From the first line through the one containing "HERMES XL pink", restate the listing word for word, and give no other lines.

[Data Boundary: Start]

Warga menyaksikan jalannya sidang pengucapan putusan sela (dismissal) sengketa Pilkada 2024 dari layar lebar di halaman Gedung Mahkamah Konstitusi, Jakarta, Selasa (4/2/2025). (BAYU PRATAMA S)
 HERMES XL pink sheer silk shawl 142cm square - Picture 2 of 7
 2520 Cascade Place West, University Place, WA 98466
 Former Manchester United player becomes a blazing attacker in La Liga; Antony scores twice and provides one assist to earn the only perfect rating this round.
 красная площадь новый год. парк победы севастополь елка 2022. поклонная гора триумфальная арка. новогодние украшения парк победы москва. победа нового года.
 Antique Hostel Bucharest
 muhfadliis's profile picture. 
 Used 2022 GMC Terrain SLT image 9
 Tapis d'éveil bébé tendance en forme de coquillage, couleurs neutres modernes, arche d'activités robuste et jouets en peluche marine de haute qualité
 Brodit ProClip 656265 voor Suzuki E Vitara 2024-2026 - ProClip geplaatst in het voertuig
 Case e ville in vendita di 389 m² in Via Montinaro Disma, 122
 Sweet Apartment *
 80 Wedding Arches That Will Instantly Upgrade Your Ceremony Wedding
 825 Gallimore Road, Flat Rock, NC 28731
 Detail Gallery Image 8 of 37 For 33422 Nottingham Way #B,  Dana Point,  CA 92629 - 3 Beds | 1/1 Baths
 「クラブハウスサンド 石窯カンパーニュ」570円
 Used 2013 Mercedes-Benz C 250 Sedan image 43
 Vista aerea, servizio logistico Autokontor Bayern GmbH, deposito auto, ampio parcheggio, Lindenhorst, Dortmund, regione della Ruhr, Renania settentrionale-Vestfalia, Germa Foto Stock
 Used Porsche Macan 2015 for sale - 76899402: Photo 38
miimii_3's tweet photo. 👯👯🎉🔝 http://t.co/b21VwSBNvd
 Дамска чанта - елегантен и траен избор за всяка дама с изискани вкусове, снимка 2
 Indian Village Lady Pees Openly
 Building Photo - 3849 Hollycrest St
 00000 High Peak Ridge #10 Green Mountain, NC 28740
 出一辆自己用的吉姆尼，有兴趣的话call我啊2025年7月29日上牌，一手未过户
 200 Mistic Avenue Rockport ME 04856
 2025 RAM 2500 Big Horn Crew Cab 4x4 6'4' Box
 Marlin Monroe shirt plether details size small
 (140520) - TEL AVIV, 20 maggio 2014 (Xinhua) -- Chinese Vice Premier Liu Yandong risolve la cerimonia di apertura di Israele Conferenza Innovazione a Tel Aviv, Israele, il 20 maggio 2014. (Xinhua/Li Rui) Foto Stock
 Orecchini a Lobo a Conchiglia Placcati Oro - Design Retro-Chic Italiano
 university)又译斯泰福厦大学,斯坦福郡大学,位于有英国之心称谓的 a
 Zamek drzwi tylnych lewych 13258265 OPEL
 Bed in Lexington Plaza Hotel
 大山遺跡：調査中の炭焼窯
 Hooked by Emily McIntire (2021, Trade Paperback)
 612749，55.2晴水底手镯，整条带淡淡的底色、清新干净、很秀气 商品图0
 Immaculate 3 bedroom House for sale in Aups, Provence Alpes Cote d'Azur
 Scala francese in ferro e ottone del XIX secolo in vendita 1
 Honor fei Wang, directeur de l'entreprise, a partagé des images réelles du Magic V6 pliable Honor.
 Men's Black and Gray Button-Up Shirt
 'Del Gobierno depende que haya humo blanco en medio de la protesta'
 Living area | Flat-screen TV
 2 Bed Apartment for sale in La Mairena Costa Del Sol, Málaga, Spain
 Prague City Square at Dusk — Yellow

[Data Boundary: End]

[Solution to this problem]
Warga menyaksikan jalannya sidang pengucapan putusan sela (dismissal) sengketa Pilkada 2024 dari layar lebar di halaman Gedung Mahkamah Konstitusi, Jakarta, Selasa (4/2/2025). (BAYU PRATAMA S)
 HERMES XL pink sheer silk shawl 142cm square - Picture 2 of 7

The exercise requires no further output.